Measuring Prediction accuracy:

Mean Absolute Error (MAE)
Mean Squared Error (MSE)

Less Naive: Using Moving Averages

Chapter 10: Creating ML Models to Predict Seqeuences

Windowed datasets can be used to emulate a time series dataset. The example in this chapter uses a window size of 5 to predict the next value in the sequence.

It goes through the process of creating a windowed version of time series data, then building and training a model.

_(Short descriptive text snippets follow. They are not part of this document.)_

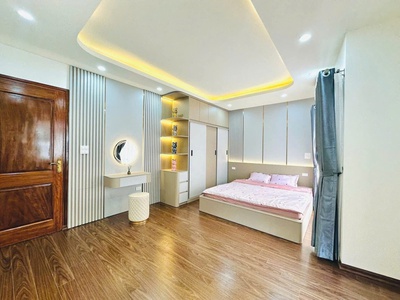 Bán gấp nhà Nguyễn Khánh Toàn ngõ thông gần phố kinh doanh 60m  x 5 tầng 15 tỷ 1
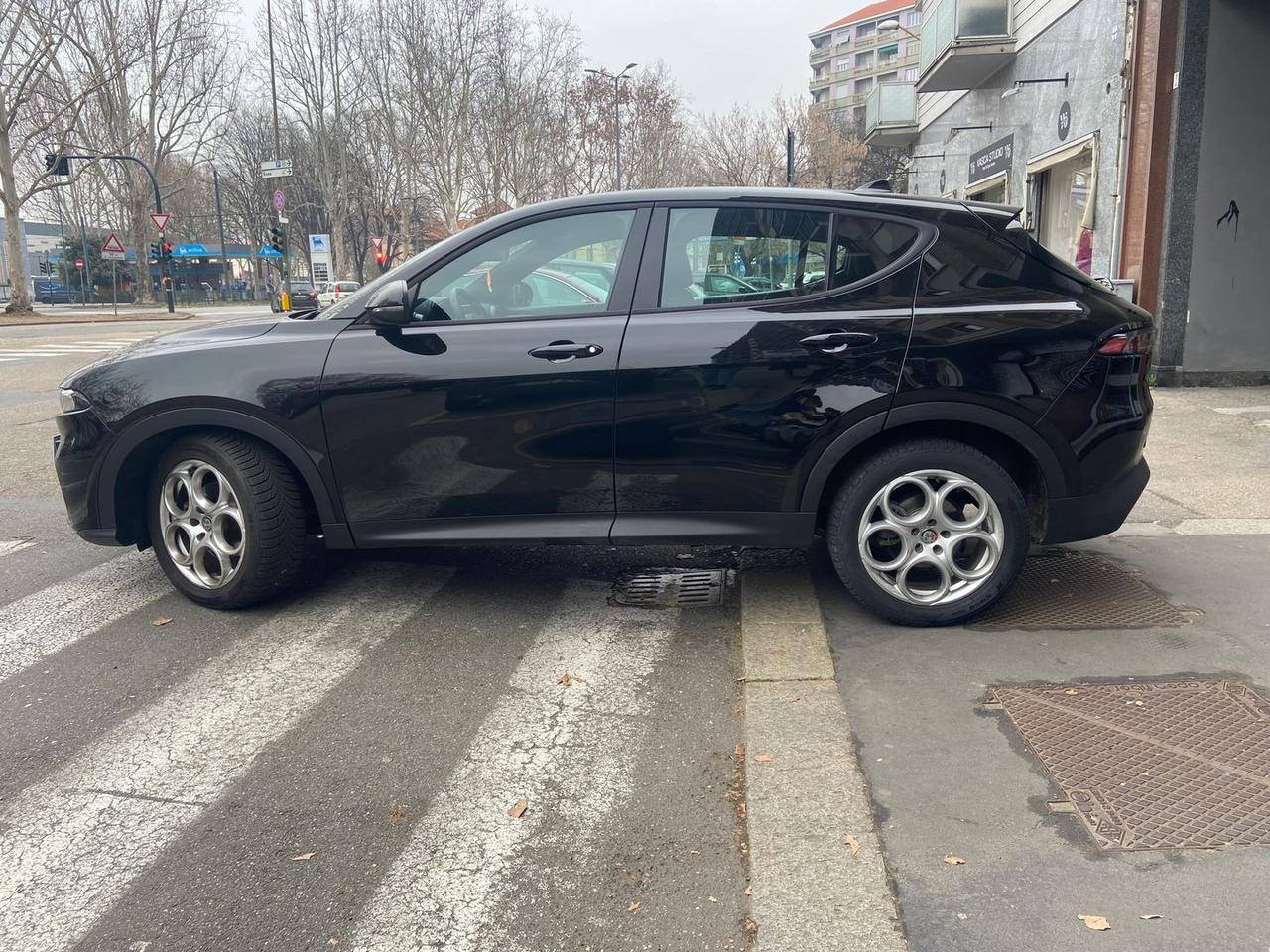 Alfa Romeo Tonale Sprint 1.5 T MHEV #9655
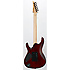 KIKO10P-TRR Premium - Transparent Ruby Red Ibanez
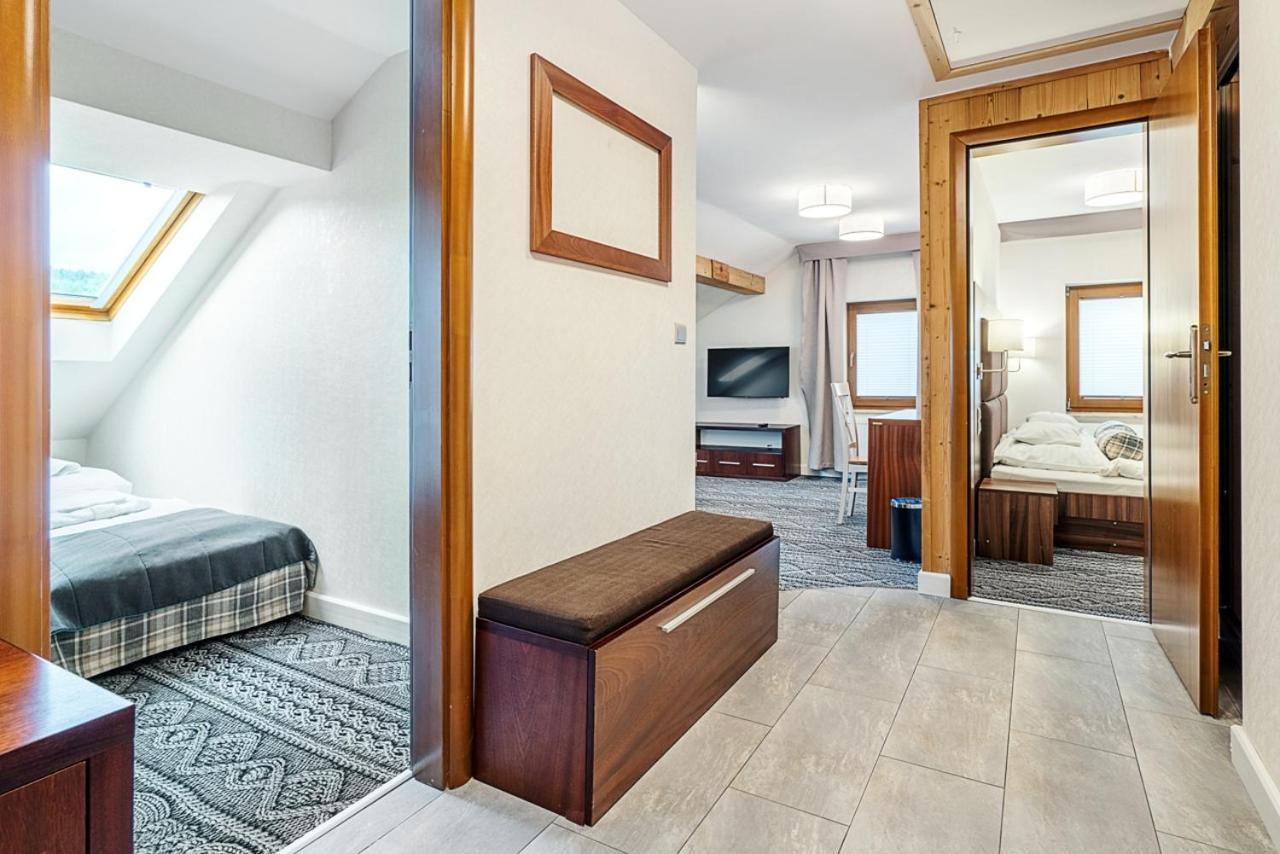 Villa Zrodlo & Spa 크리니차 즈드로이 외부 사진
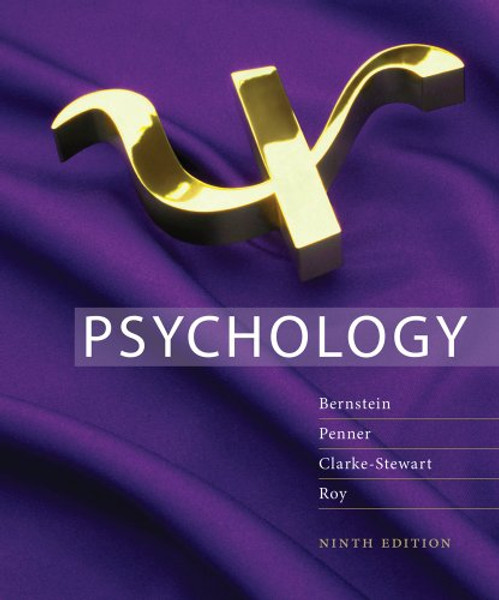Psychology (PSY 113 General Psychology)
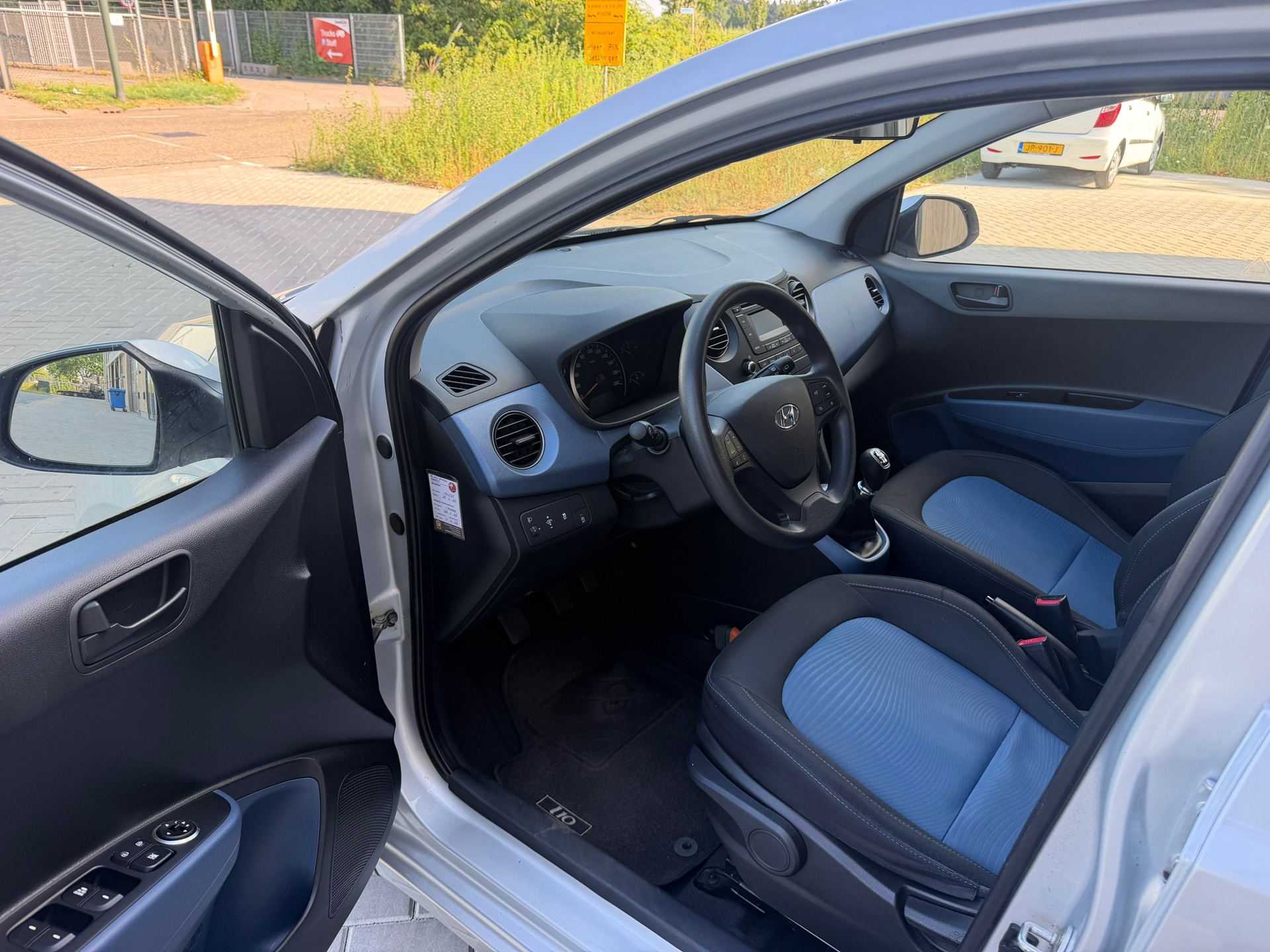 Foto van Hyundai I10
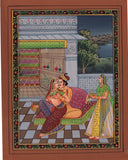 Mughal Miniature Painting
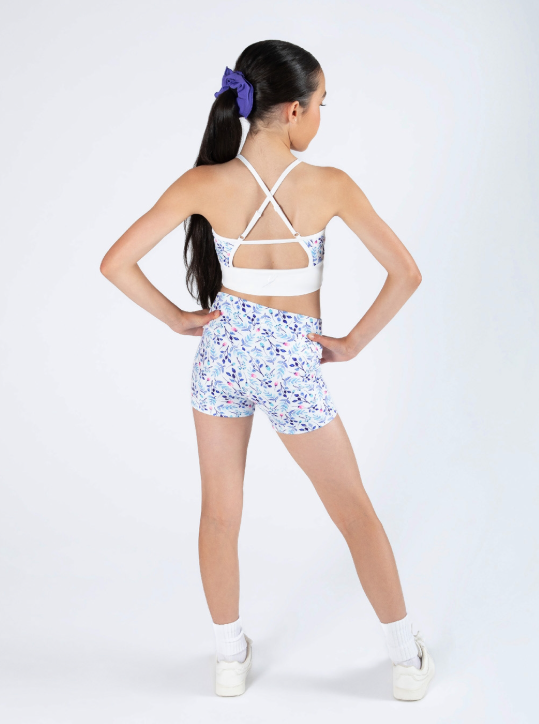 ASPIRE COLLECTION - Energetiks - Mave Cropped Singlet - Limited Edition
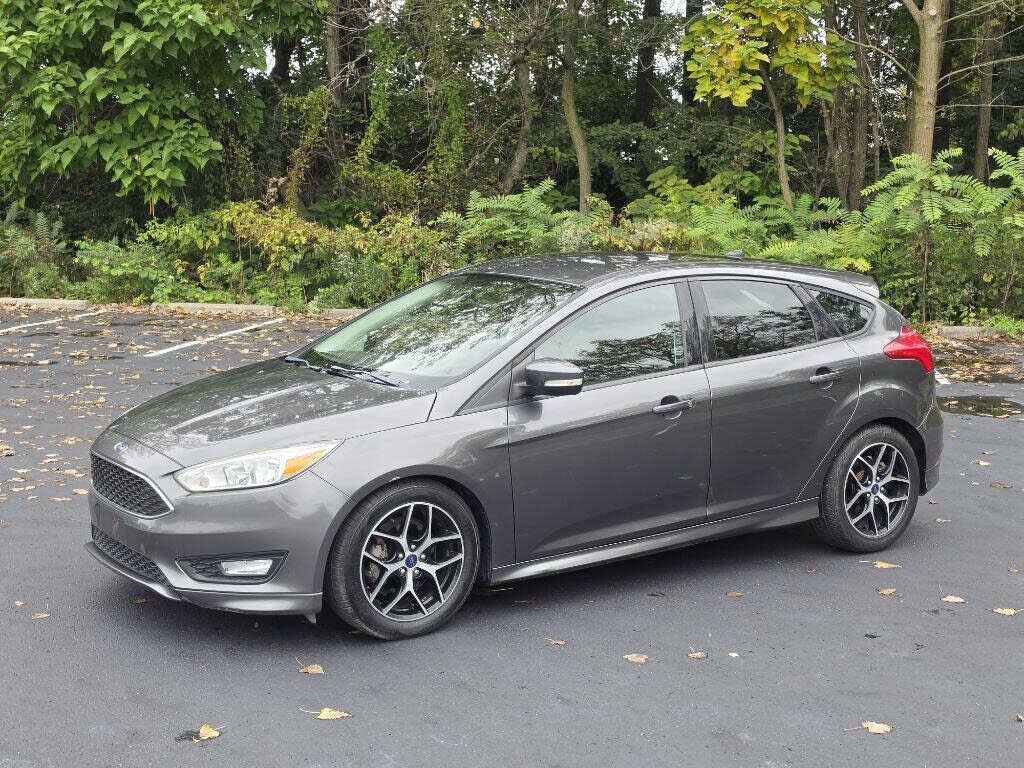 2017 FORD Focus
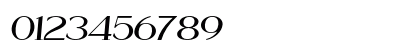 Cellofy Exp Ita Bold Italic Numeric Preview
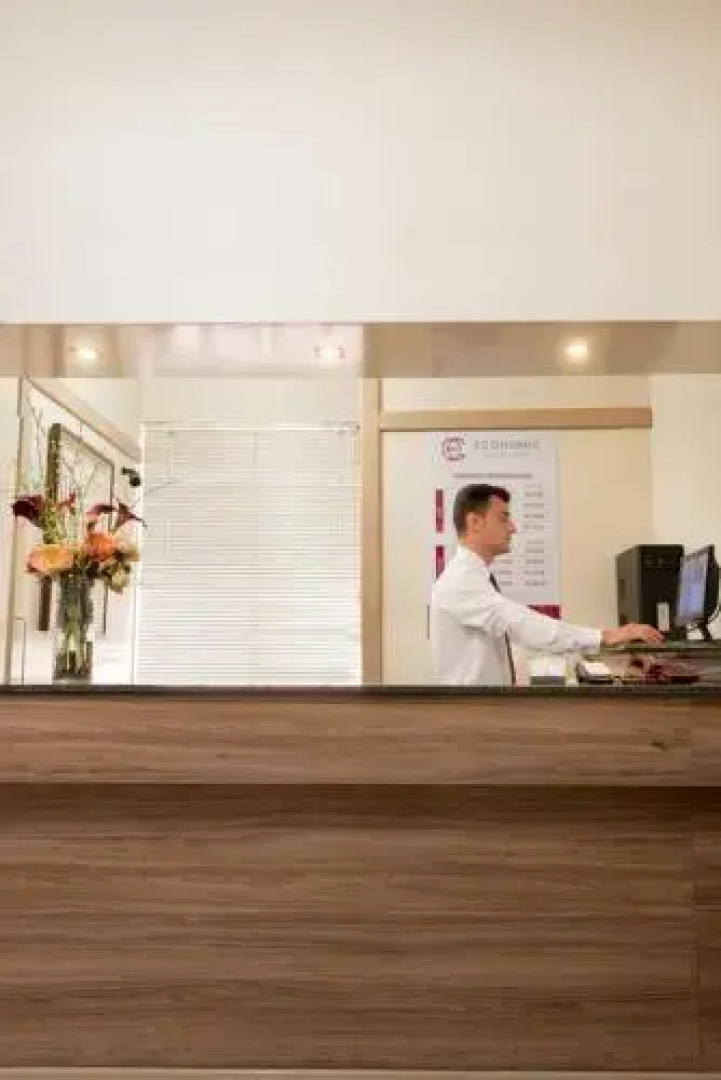 Economic Center Hotel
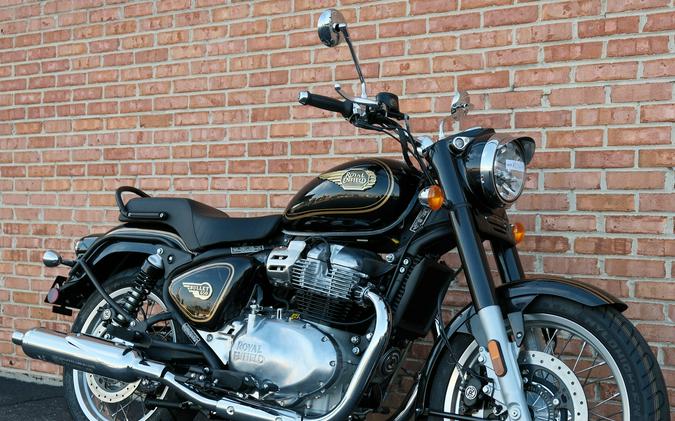 2027 Royal Enfield Bullet 650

Tuning the model can be done through the use of Keras Tuner.

Taxonomy

Autocorrelation: The correlation of a signal with a delayed copy of itself as a function of delay.
Convolution: Mathematical filter that works on the pixels of an image.
Dropout: A regularization technique that randomly sets a fraction of input units to 0 at each update during training time, which helps prevent overfitting.
Embedding Dimension: The size of the vector representation of each word in the vocabulary.
Learning Rate: A hyperparameter that controls how much to change the model in response to the estimated error each time the model weights are updated.
Long Short-Term Memory (LSTM): A type of recurrent neural network (RNN) architecture that is capable of learning long-term dependencies.
Natural Language Processing (NLP): A field of AI that focuses on the interaction between computers and humans through natural language.
Noise: Random variation in data that does not contain useful information.
Out of Vocabulary (OOV): Words that are not present in the training vocabulary.
Overfitting: When the model becomes overspecialized to the training data.
Padding: Adding zeros to the beginning or end of a sequence to make it a fixed length.
Regularization: Techniques used to prevent overfitting by adding a penalty to the loss function based on the complexity of the model.
Seasonality: A pattern that repeats at regular intervals in the data.
Stop Words: Common words that are often removed from text data to reduce noise and improve model performance.
Tokenization: The process of breaking down text into smaller units (tokens) for processing.
Transfer Learning: Taking layers from another architecture.
Trend: A long-term increase or decrease in the data.
Vocabulary Size: The number of unique words in the training dataset.